**WHAT THE TASK REQUIRES:**
Only the first line of the listing and the lines after it, up to and including the one containing "Premium Jewelry At", should be retyped exactly.

**DATA FOR REVIEW:**
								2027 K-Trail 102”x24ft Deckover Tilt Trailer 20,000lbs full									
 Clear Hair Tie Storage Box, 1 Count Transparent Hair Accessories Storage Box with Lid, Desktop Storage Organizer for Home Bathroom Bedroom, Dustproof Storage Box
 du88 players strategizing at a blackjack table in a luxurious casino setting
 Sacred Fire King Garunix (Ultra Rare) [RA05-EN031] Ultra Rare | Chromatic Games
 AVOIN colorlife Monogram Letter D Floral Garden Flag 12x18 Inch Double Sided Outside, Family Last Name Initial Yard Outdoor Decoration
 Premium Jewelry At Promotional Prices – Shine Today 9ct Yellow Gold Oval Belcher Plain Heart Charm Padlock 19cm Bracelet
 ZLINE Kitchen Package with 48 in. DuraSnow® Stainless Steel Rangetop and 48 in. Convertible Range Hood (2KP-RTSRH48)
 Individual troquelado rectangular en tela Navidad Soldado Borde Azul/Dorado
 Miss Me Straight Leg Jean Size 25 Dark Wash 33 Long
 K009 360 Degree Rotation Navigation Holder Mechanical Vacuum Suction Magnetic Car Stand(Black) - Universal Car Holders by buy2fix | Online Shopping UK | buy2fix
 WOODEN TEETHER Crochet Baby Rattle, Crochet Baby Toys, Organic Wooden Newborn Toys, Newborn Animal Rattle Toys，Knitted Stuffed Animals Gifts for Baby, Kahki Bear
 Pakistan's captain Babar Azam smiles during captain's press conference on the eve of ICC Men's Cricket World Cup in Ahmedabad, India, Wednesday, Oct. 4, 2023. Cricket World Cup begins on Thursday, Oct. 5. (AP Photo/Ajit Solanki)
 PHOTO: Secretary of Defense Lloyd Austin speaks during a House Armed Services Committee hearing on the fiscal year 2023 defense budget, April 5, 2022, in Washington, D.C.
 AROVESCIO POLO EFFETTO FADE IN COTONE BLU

**SOLUTION FOR THIS PROBLEM:**
								2027 K-Trail 102”x24ft Deckover Tilt Trailer 20,000lbs full									
 Clear Hair Tie Storage Box, 1 Count Transparent Hair Accessories Storage Box with Lid, Desktop Storage Organizer for Home Bathroom Bedroom, Dustproof Storage Box
 du88 players strategizing at a blackjack table in a luxurious casino setting
 Sacred Fire King Garunix (Ultra Rare) [RA05-EN031] Ultra Rare | Chromatic Games
 AVOIN colorlife Monogram Letter D Floral Garden Flag 12x18 Inch Double Sided Outside, Family Last Name Initial Yard Outdoor Decoration
 Premium Jewelry At Promotional Prices – Shine Today 9ct Yellow Gold Oval Belcher Plain Heart Charm Padlock 19cm Bracelet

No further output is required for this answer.